There is much to praise here. Wilson has cracked open this modern-day tragedy and found in it all the domestic humor, familial intimacy and mournful sadness that makes it one of the most important American plays of the 20th century.
Because Menagerie is driven by character and language, casting is paramount. Wilson's choices could not have been richer or smarter. Each of the four dreamers who populate this tattered landscape adds dimension and depth. Amanda Wingfield, Tom's meddling and maddening mother, is one of the most coveted female roles in the American canon. The original single mom who's every bit a survivor, Amanda speaks like a poet and scales through a deliriously lush emotional landscape. Often she is played as a tyrant as she holds court over her pathetic children, or as a frail fading flower who's withering into senility. Not so in this production.

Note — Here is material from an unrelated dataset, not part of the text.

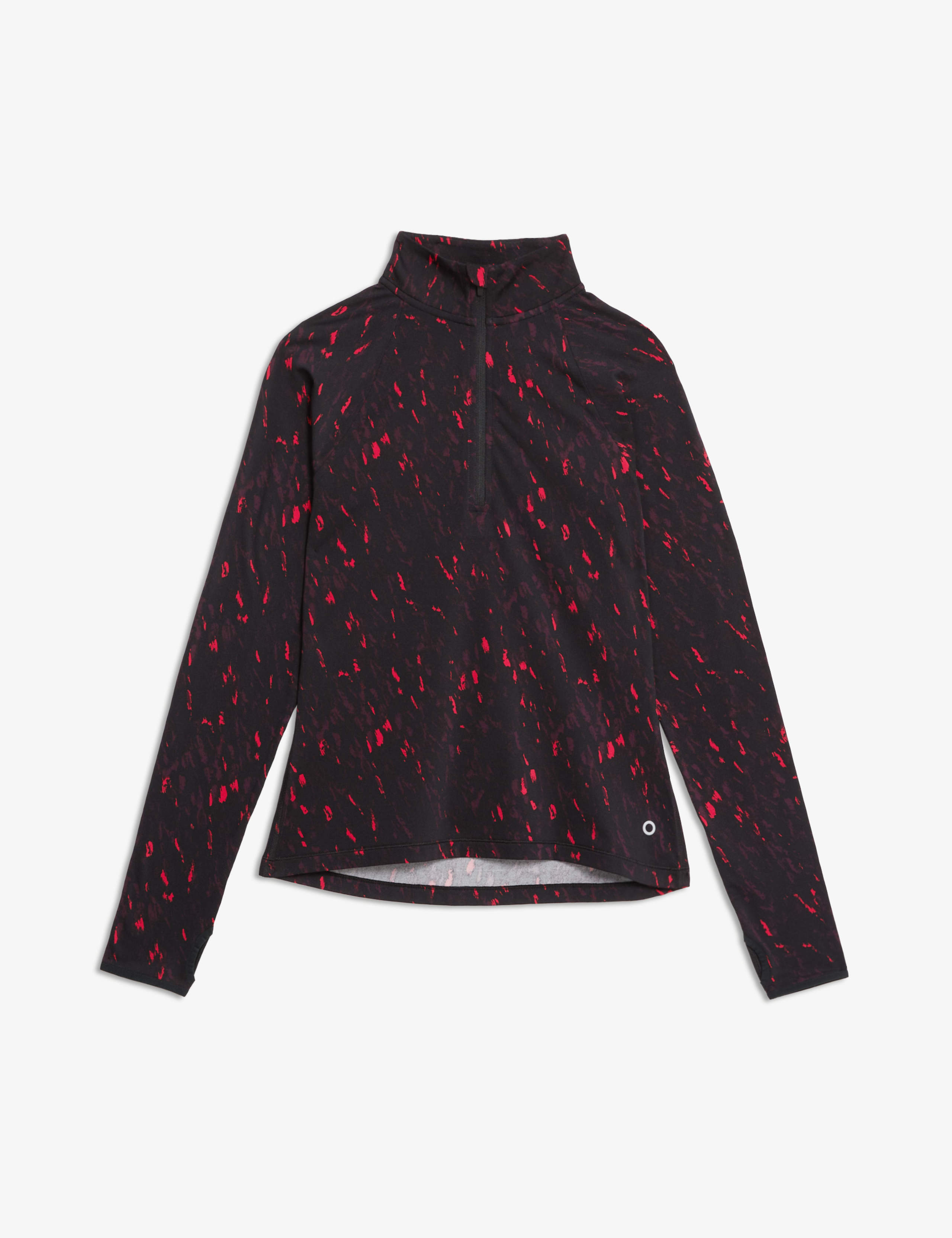 Ultraheat™ Printed Half Zip Running Top 2 of 8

Elizabeth Ashley, who was a friend to Williams and has won critical praise for her work in his plays, finds a surprisingly lovable and sexy side to this willful, aging mother. Her Amanda sashays with old-time Southern grace about the dilapidated apartment. She serves up lemonade, incessantly needles her son, and entertains daughter Laura's first ever "gentleman caller" with such effervescent charm that when she tells the story of her own coquettish past, filled with days in which she received "17 gentlemen callers," we believe her completely. Ashley's Amanda is built of steel, which enables her to provide for her children despite the fact that her husband, the telephone man who "fell in love with long distance," abandoned the family years ago.

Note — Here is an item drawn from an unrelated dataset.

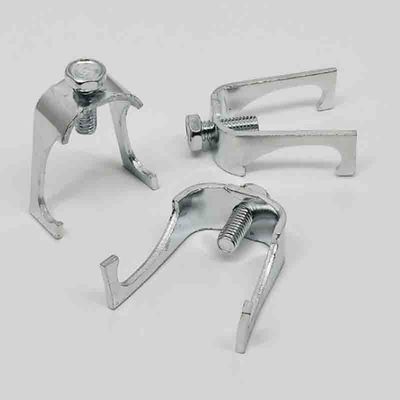 Folha galvanizada Keel Clamp do ferro da braçadeira da canalização do suporte da resistência de umidade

As Amanda's henpecked son, Robert Sella finds in Tom all the crushing poetic angst that could drive a decent young man to do bad things. Sella's bony, angular face is shadowed with all the unmet desire that burns inside Tom. At the shoe factory where he works, he spends so much time in a broom closet writing poetry that his only friend calls him Shakespeare. At night, he escapes his mother's constant badgering by going "to the movies," though, as Amanda points out, the movies don't last until the wee hours. Sardonic and smart, Sella's Tom also walks with the bone-deep sadness that comes from a lonely life filled with mind-numbingly dull work and dark secrets. The only one he can openly care for is his sister. And late one night, when he brings home a magician's scarf, he gives it to her in an act of heartbreaking generosity.

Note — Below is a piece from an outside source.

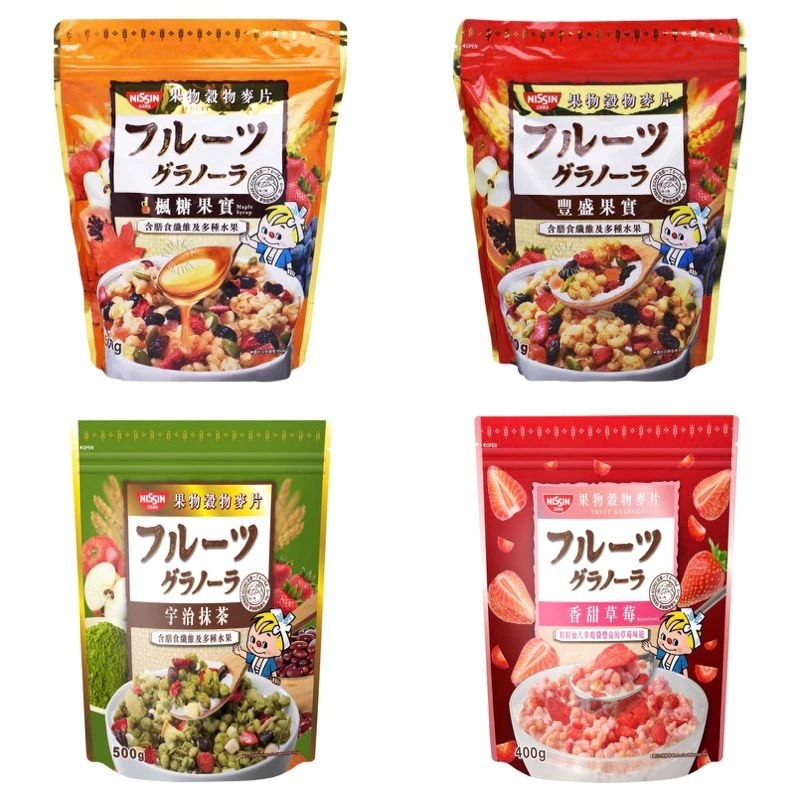Nissin granola breakfast cereal oat clusters breakfast cereal crunch fruit and nut oatmeal cereal ice cream topping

Tom's sister Laura is often so underplayed that the character becomes an absolute cipher. But here, under the care of Anne Dudek, she is a fascinating creature, almost otherworldly for all her strange and wide-eyed beauty. Crippled by extreme shyness, Laura has retreated into a childish world of glass figurines. Amanda has tried to turn her aging maid of a daughter into a businesswoman, only to discover that Laura dropped out of school because she vomited in the classroom. Amanda's last hope for Laura is marriage, an unlikely occurrence given her personality. But Tom manages to find a man to bring home, and Amanda sets about making Laura over. During this scene, the tall and waiflike Dudek slumps to her mother's fussing. All elbows and bony fingers and dressed in girlish ribbons and bows, she looks ridiculous at first. But during the famous "Gentleman Caller Scene," when she falls in love for the first time, Dudek's Laura becomes luminous.
Indeed, Grant Show's Jim is a man most girls could love. Self-involved, and well-intentioned, the handsome braggart works his charms on Laura in an effort to apply the pop-psychology lingo he's learning in "night school." He decides that Laura's problem is an "inferiority complex," which he sets about to fix on the night he comes to call. Of course, Jim, who is taking public speaking courses and talks with all the poetry of a radio-show host, has the sensitivity of a "stumble john."
A powerful and unrelenting rhythm pulses throughout these scenes. The family is hysterically funny, especially when they fight, screaming, "Go to the moon" and "You ugly, babbling old witch" at each other. "Why can't my children be normal," sighs Amanda, and the audiences peals with laughter. She dresses herself in a funny purple chiffon frock (thanks to Judith Dolan's pitch-perfect costumes). But underneath all their comic charms, these four characters are burdened with the grief of a deep and abiding loneliness, the kind that comes from years of broken dreams and broken promises. In the end, they show us that we all need careful attention. For like Laura's frail menagerie of beautiful blown glass, lives and happiness "break so easily."